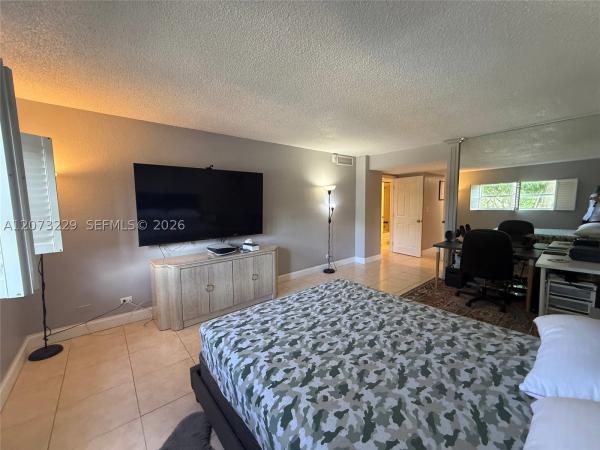 800 NE 195th St #211, Unincorporated Dade County, Florida 33179, image 3
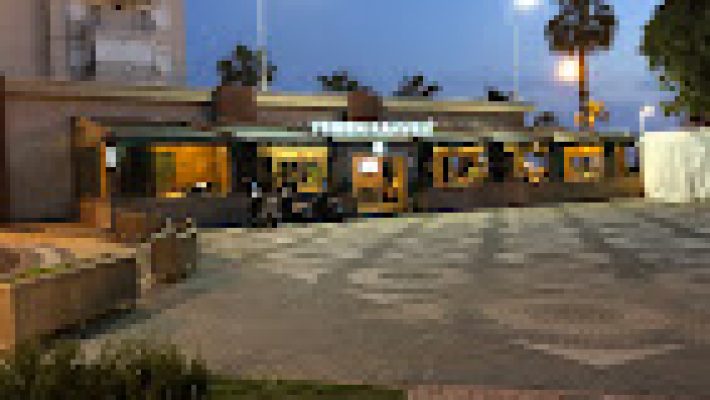 Deniz manzaralı Saphore Resto - Bar’da gün batımı eşliğinde şık akşam yemeği atmosferi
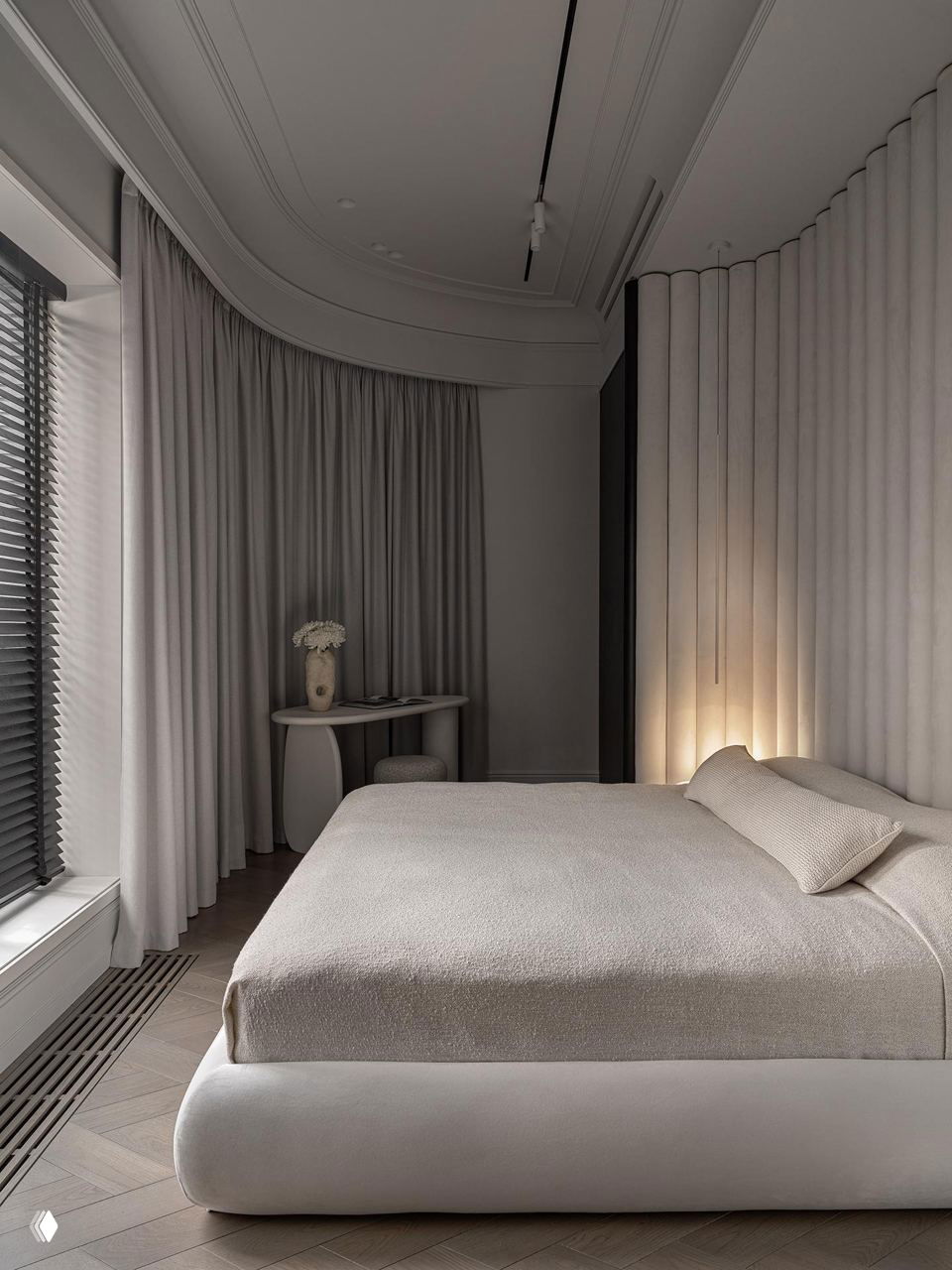 Спальня с изогнутой стеной, драпированными шторами и низкой обитой кроватью в мягких тонах (Belousova.Interior, 160 m², Хамовники)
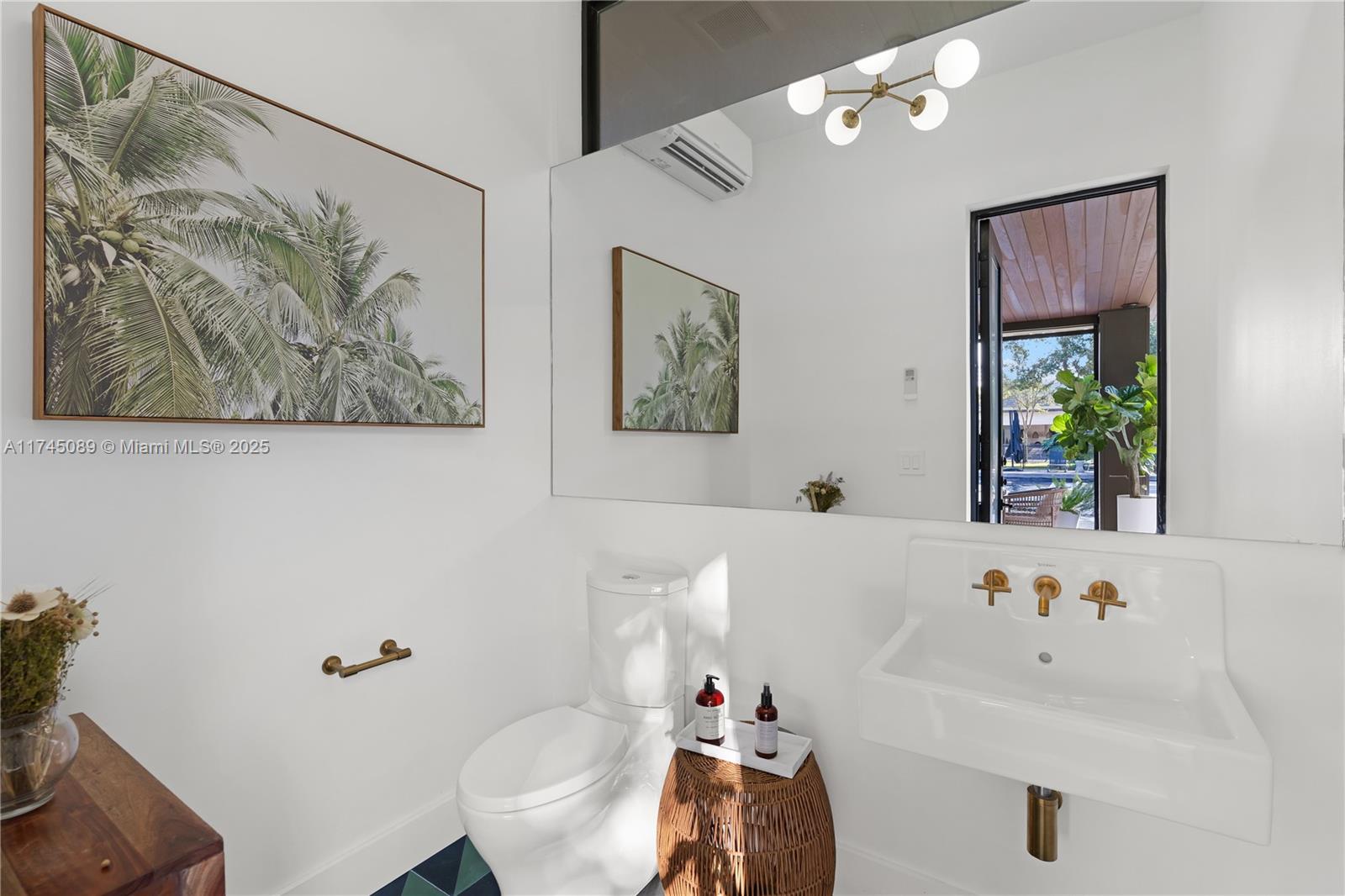 WILLOU HILL - Residential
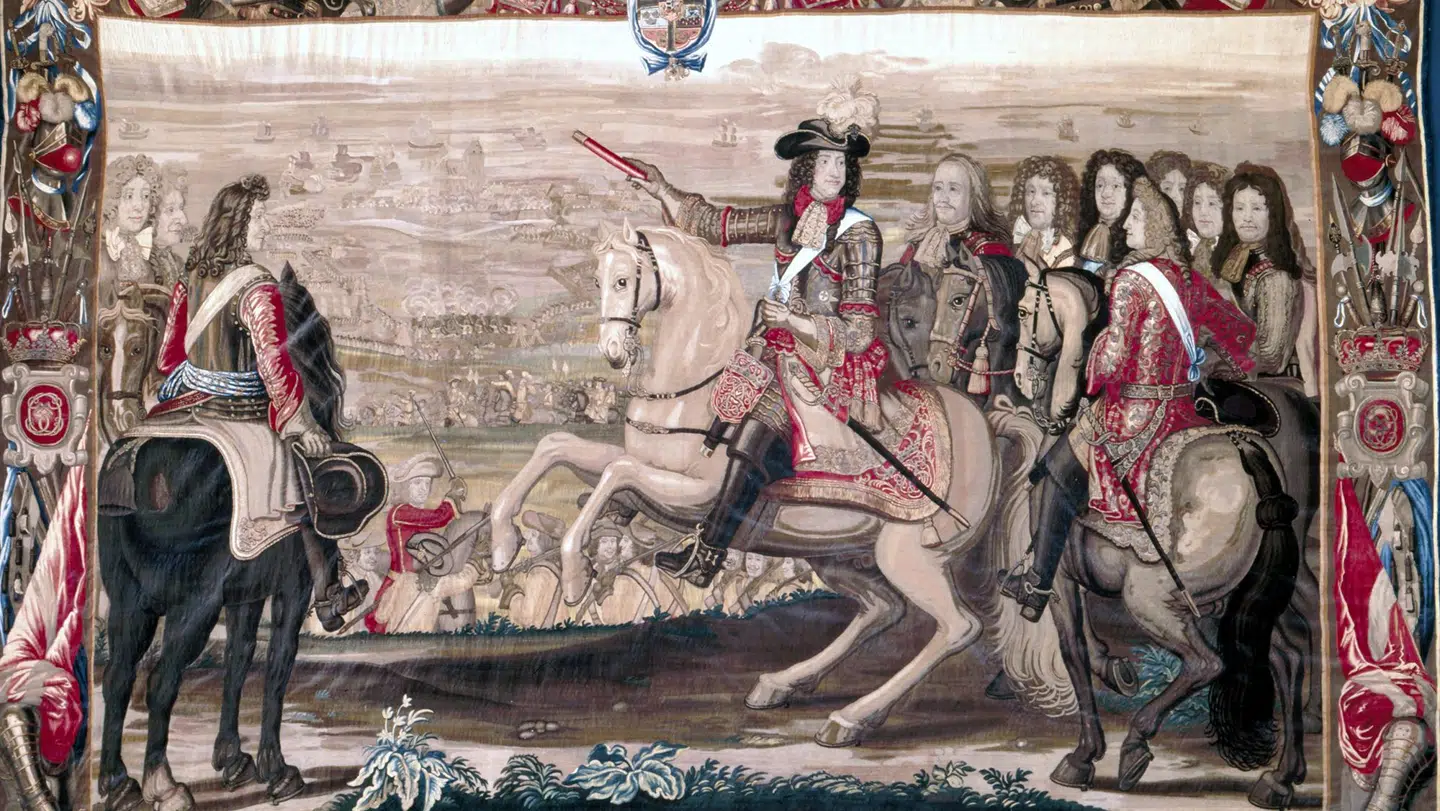 Christian V indledte en krig mod Sverige i 1675 og lod senere krigen beskrive i gobeliner, som hænger i Riddersalen på Rosenborg. Gobelinerne er imponerende kunsthåndværk, og Rosenborg lader i sin nye udstilling gobelinerne belyse, så de får nyt liv. På denne gobelin ser man Christian til hest under erobringen af Landskrona.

About this task =
Reproduce everything above exactly, images excluded.

Task output =
 800 NE 195th St #211, Unincorporated Dade County, Florida 33179, image 3
 Deniz manzaralı Saphore Resto - Bar’da gün batımı eşliğinde şık akşam yemeği atmosferi
 Спальня с изогнутой стеной, драпированными шторами и низкой обитой кроватью в мягких тонах (Belousova.Interior, 160 m², Хамовники)
 WILLOU HILL - Residential
 Christian V indledte en krig mod Sverige i 1675 og lod senere krigen beskrive i gobeliner, som hænger i Riddersalen på Rosenborg. Gobelinerne er imponerende kunsthåndværk, og Rosenborg lader i sin nye udstilling gobelinerne belyse, så de får nyt liv. På denne gobelin ser man Christian til hest under erobringen af Landskrona.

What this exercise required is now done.